A colossal statue of Remus II, which sat for decades in a Cairo square in the city named after the pharaoh, now adorns the Grand Entry Hall.
The complex’s sleek design, evoking the pyramids, cuts a stark contrast to the dusty and often outmoded displays in the neoclassical Egyptian museum that overlooked Tarir Square in central Cairo a century ago.
The old museum returned
The old museum has suffered notoriety in recent years, including the looting of several display cases during Egypt’s 2011 uprising, when antiquities were stolen.
In 2014, the beard of Tutankhamun’s burial mask broke off when workers were changing the lights in the display case, then clumsily retracted. The following year, the mask was more properly restored and put back on display.
Officials hope the new museum can dispel the perception created by such incidents that Egypt is neglecting to care for its priceless treasures, and add weight to its claims for Egyptian objects housed in museums abroad.
“Is it a national shrine or a global showcase?

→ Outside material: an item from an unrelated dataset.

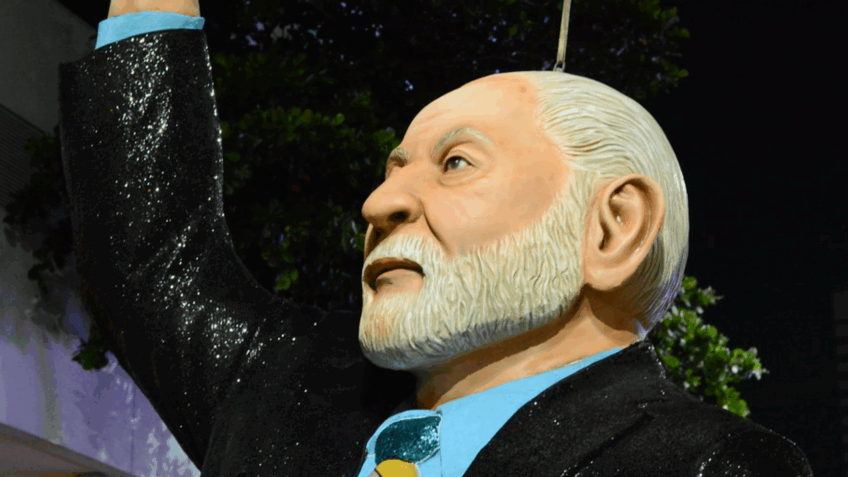 Desfile reacende denúncias de propaganda eleitoral contra Lula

A gesture of cultural sovereignty or a tool of soft power?” Read an article in a special edition of Al-Ahram, the state-run weekly for the museum, which he called “a philosophy as much as it is a building.”
“It’s not a copy of the Louvre or the British Museum. It’s Egypt’s response to both. Those museums were born out of empire. It was born out of authenticity.”
The museum’s $1 billion-plus price tag was financed in large part by Japanese development loans. Designed by Henghan Peng Architects, an Irish firm, it covers an area of approximately 120 acres, making it the same size as Vatican City.
Officials are also betting that the museum, the latest in a series of mega-projects launched or completed since 2014, could spur a revival in tourism, a key source of foreign currency for an economy reeling from years of regional conflict and economic uncertainty.
A series of galleries were opened late last year, but many exhibits were not accessible to the public.